(Material shown)
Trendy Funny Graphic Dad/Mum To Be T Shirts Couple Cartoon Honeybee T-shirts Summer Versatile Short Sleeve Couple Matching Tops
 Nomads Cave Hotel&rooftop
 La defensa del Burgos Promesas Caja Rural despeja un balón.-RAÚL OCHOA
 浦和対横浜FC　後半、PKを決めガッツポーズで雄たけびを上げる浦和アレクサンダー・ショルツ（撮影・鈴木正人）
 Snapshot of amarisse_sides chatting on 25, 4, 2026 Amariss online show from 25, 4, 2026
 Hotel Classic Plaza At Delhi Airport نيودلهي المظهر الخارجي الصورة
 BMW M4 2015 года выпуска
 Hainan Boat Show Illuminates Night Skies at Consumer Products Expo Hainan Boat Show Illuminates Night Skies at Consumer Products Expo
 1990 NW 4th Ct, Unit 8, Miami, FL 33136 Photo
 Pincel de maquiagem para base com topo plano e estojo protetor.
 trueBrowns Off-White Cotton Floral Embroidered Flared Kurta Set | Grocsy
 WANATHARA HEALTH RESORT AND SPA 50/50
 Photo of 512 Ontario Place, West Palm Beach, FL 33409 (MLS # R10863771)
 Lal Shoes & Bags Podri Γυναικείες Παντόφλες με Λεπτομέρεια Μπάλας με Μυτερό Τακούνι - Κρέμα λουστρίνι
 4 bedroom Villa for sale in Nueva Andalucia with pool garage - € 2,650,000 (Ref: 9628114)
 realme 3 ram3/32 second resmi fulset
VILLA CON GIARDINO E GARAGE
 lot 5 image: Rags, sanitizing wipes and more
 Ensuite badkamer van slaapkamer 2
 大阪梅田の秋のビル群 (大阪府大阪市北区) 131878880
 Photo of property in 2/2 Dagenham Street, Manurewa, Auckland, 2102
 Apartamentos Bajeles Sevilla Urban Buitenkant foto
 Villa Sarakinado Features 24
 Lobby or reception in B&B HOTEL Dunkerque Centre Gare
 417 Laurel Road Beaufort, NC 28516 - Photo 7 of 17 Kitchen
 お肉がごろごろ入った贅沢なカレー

(Your goal)
Using the data above, repeat every line exactly.

(Response for this exercise)
Trendy Funny Graphic Dad/Mum To Be T Shirts Couple Cartoon Honeybee T-shirts Summer Versatile Short Sleeve Couple Matching Tops
 Nomads Cave Hotel&rooftop
 La defensa del Burgos Promesas Caja Rural despeja un balón.-RAÚL OCHOA
 浦和対横浜FC　後半、PKを決めガッツポーズで雄たけびを上げる浦和アレクサンダー・ショルツ（撮影・鈴木正人）
 Snapshot of amarisse_sides chatting on 25, 4, 2026 Amariss online show from 25, 4, 2026
 Hotel Classic Plaza At Delhi Airport نيودلهي المظهر الخارجي الصورة
 BMW M4 2015 года выпуска
 Hainan Boat Show Illuminates Night Skies at Consumer Products Expo Hainan Boat Show Illuminates Night Skies at Consumer Products Expo
 1990 NW 4th Ct, Unit 8, Miami, FL 33136 Photo
 Pincel de maquiagem para base com topo plano e estojo protetor.
 trueBrowns Off-White Cotton Floral Embroidered Flared Kurta Set | Grocsy
 WANATHARA HEALTH RESORT AND SPA 50/50
 Photo of 512 Ontario Place, West Palm Beach, FL 33409 (MLS # R10863771)
 Lal Shoes & Bags Podri Γυναικείες Παντόφλες με Λεπτομέρεια Μπάλας με Μυτερό Τακούνι - Κρέμα λουστρίνι
 4 bedroom Villa for sale in Nueva Andalucia with pool garage - € 2,650,000 (Ref: 9628114)
 realme 3 ram3/32 second resmi fulset
VILLA CON GIARDINO E GARAGE
 lot 5 image: Rags, sanitizing wipes and more
 Ensuite badkamer van slaapkamer 2
 大阪梅田の秋のビル群 (大阪府大阪市北区) 131878880
 Photo of property in 2/2 Dagenham Street, Manurewa, Auckland, 2102
 Apartamentos Bajeles Sevilla Urban Buitenkant foto
 Villa Sarakinado Features 24
 Lobby or reception in B&B HOTEL Dunkerque Centre Gare
 417 Laurel Road Beaufort, NC 28516 - Photo 7 of 17 Kitchen
 お肉がごろごろ入った贅沢なカレー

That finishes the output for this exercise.